Le moment est venu de moderniser la Loi sur Investissement Canada. Plus que jamais, le gouvernement doit prendre des mesures concrètes pour favoriser une économie novatrice et saine. Le contexte mondial a considérablement changé au cours des dernières années, notamment dans les domaines de la concurrence mondiale, de l’investissement, de la technologie et de l’accès aux minéraux critiques.

Ce dernier domaine, c’est-à-dire l’accessibilité aux minéraux critiques, est particulièrement important. Selon BloombergNEF, le Canada se classe au deuxième rang des 10 plus grands producteurs de minéraux critiques, et ce classement tient compte des exigences relatives à la durabilité.

Au début de l’année, Jakob Stausholm, le PDG de Rio Tinto, a parlé de projets miniers et métallurgiques dans le monde entier et a dit ceci : « Je ne pense pas qu’il y ait d’endroit au monde qui me rende plus optimiste que le Canada. » Ce sont là des signes encourageants que nous devons protéger.

L’excellence reconnue du Canada en matière de technologies émergentes et sensibles et en matière de minéraux critiques constitue une cible attrayante pour les États hostiles. Grâce aux amendements proposés au moyen du projet de loi C-34, le gouvernement s’assurera qu’il dispose des bons outils pour protéger ces secteurs ainsi que la propriété intellectuelle canadienne, les données personnelles et l’infrastructure.

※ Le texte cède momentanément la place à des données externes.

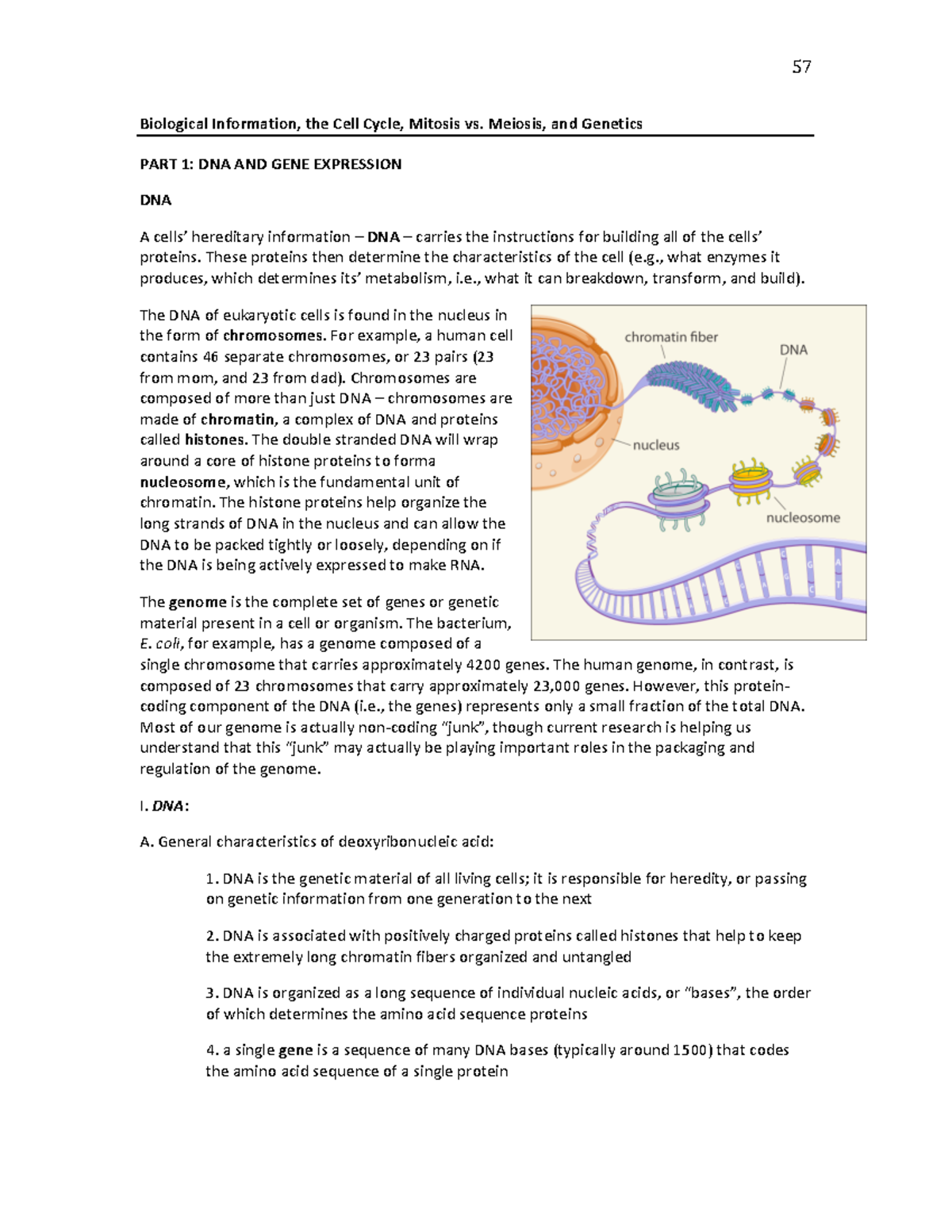 5 DNA and Gene Expression - Biological Information, the Cell Cycle ...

Chers collègues, honorables sénateurs et sénatrices, le volume et la complexité des examens des investissements étrangers augmentent, et ce changement important justifie amplement le soutien à la modernisation de la Loi sur Investissement Canada.

Fondamentalement, le gouvernement a établi qu’un régime d’examen efficace doit être solide, transparent et flexible pour s’adapter à un monde en mutation, et le moment est venu de procéder à ces changements.

Ce projet de loi représente la plus importante mise à jour de la Loi sur Investissement Canada depuis 2009. Le gouvernement prend maintenant des mesures importantes pour examiner et moderniser des aspects clés de la loi, tout en veillant à ce que le cadre général destiné à soutenir l’investissement étranger nécessaire à la croissance de notre économie reste solide et ouvert.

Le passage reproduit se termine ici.